Homeless people are constantly subject to unnecessary arrests by police officers, for low-level violations that they could simply receive a summons for!
That’s why we were so excited when City Council Speaker Melissa Mark-Viverito announced a package of eight bills to reform some of these practices – collectively known as the Criminal Justice Reform Act.
These proposals are important. They’re not perfect, but they’re a good first step. Ultimately, police officers should not have the discretion to choose whether to arrest or issue a summons to someone committing a low-level, non-violent offense.
As our members often say, discretion = discrimination!

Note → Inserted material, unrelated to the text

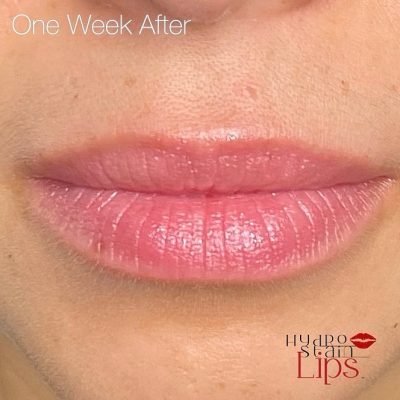 HydroStain Lips™ One Week After HydroStain Lips™ One Week After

Criminal justice reform efforts to reduce how our laws promote racial and other disparities, criminalization of particular communities, and mass incarceration are important. These new proposals contain some good first steps, though there are concerns about the details that need to be addressed to ensure long-term positive impact. It’s critical that this summons reform be advanced together with police reform – particularly the Right to Know Act – so that we also begin to address the problematic policing practices that drive racial and other disparities in who faces low-level enforcement in the first place
Here are some selections from their testimony.
I am a member of Picture the Homeless, and also street homeless. I have been undomiciled for a few years now; I am also a true New Yorker, born in Manhattan raised in Bushwick, and lived in the Bronx. I am of Puerto Rican descent and will be 47 years young on February 22. I am here today to address the council on its proposal to implement 8 pieces legislation that is to make my life and all other New Yorkers’ life easier.
I myself think that changing criminal offenses to civil penalties is great as we look at the big picture. My issues may be minor to some. but are major to me. I’ve been targeted by the NYPD on several occasions and this has hindered me in continuing with my goal of being treated like a human being, a New Yorker, and someone deserving the resources and respect offered to other New Yorkers because of their status.
The laws you are focusing on changing such as open container, littering are all good steps going forward. I have issues with the changes for the violations of park rules and community service. When I was targeted, like so many other people, it was in a lot of cases for being undomiciled. I was arrested when I should have been given a ticket and sent on my way. I lost personal property such as a portable DVD player and two cell phones that were never vouchered. I know of people that have lost personal documentation and could not prove who they were when they had their next encounter with the law. This was I feel due to officers having the discretion to either give me a ticket or get overtime or meet his quota.
I say all of this because it’s important that making these criminal offenses civil penalties is very good, but I can’t replace my property and those other folks can’t and won’t replace their documents. You must take the discretion away from the officer and be fair to all. I also want this Council to go further. You need to make sure that we are not targeted for being un-domiciled, black, brown, needing help in getting our lives together. And the only real way to do this is to not let an officer that does not like me continue to victimize me.
You should know that as far as I’m concerned I think that it is a good thing that you are trying to change the laws for open containers public urination and being in the park after closing. To move these offenses to civil penalties is a little bit better. All of these things I know something about. A summons over jail time is a little bit better and what we have been asking for a long time.
I have been in the shelter program RWA (Ready Willing and Able). I was doing good and at first everything was OK. When I relapsed they called themselves showing me tough love. They took my bed and was trying to force me to restart the program from zero again going to a 28 day program, and after that stay about 2 weeks indoors. I was not ready so I asked them to transfer me and they did not want to do it so I never got housing.
Then they would call the cops to remove me from the building every night to the streets. I did not know nowhere to go, and I sleep outdoors. I have been on the streets a long time, I ended up getting frost bite that cost me 8 of my toes, and almost 2 years in the hospital and a lot of pain that I have to live with for the rest of my life. I don’t tell everybody this. I blame all of them the people in the program that kicked me out, the people on the street who called the police because they think I’m a crazy homeless man and I blame the police for not caring that I relapsed and got kicked out on the streets.
No, I don’t wanna go back to the shelter and I don’t want to get locked up cause they think I’m crazy and smoke K2, or because I’m tall and black. I drink give me a ticket, sometimes they do and sometimes they tell me I got to move cause they don’t want to see me around no more. They know who we are on Park Ave. around 125th. St., and they know that we not breaking the law. But they keep moving us and when we ask why they give us tickets or take us to the hospital. We are street homeless but they still write on the summons that we live at 600 East 125th. Street. anyway. Picture the Homeless looked that address up for me and that’s the Manhattan Psychiatric center, I’m not crazy and I don’t live there I live on the streets, and if you let the police officers be the judge you might have to pay over a thousand dollars to lock me up or take me to the hospital cause he thinks I talked back to him. So I’m talking to you – don’t arrest me, don’t give me a ticket.
So let me say that I feel that some people are gonna be arrested because of their race, gender, their beliefs and origin… I have been targeted because I am street homeless, my skin color and my location 125th. Street and Park Ave. I don’t want to sleep in no shelter, I don’t want to sleep in the streets. Somebody should give me some housing. Thank you for listening to me today.